»Geben Sie’s ihnen«, sagte sie fest.
»Werden Sie es sich ansehen?«
»Ick bin gleich hinter der Kulisse«, sagte sie stolz. »Ick hab ooch
schon eins von den T-Shirts, meen Führa.« Und noch bevor ich etwas
sagen konnte, öffnete sie schwungvoll den Reißverschluss ihres
schwarzen Jäckchens und zeigte mir stolz das Hemd.

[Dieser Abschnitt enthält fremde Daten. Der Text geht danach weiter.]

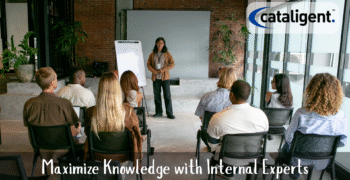 Utilizing Internal Trainers and Subject Matter Experts (SMEs) for Effective Employee Development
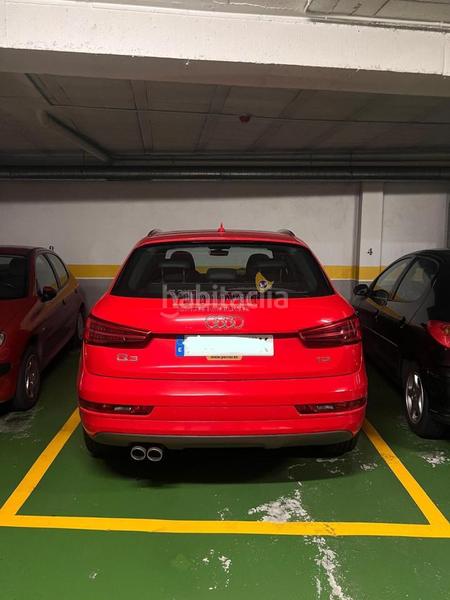 Foto 5c96ac9b-4cff-4c72-8bb6-1eb6e0ac2052. Parking coche en Casablanca - Calvario Vigo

»Ich muss doch sehr bitten!«, sagte ich scharf, und als sie rasch
wieder die Jacke schloss, fügte ich noch etwas milder hinzu: »Dass
Sie mal was tragen, das nicht schwarz ist …«
»Allet nur für Sie, meen Führa!«
Ich machte mich auf den Weg, ließ mich mit dem Fahrdienst zum
Studio bringen, wo schon Jenny wartete und mich mit einem lauten
»Hallo, onkel Ralf!« begrüßte. Ich hatte es inzwischen aufgegeben,
sie zu korrigieren, auch weil ich wohl mit ziemlicher Sicherheit
annehmen konnte, dass sie sich einen kleinen Dauerscherz daraus
machte. Ich war in den letzten Wochen schon onkel Ulf gewesen,
dazu noch onkel Golf, onkel Schilf und onkel Torf. Ich war nicht
sicher, ob ich auf ihre Zuverlässigkeit zählen konnte, wenn es hart auf
hart kam, langfristig allerdings würde ihre Leichtfertigkeit mit Sicherheit
die Moral untergraben – insofern hatte ich sie intern schon einmal
vorgemerkt. Wenn derlei nach der ersten Verhaftungswelle nicht
aufhören würde, sah ich sie bislang direkt für die zweite Welle vor.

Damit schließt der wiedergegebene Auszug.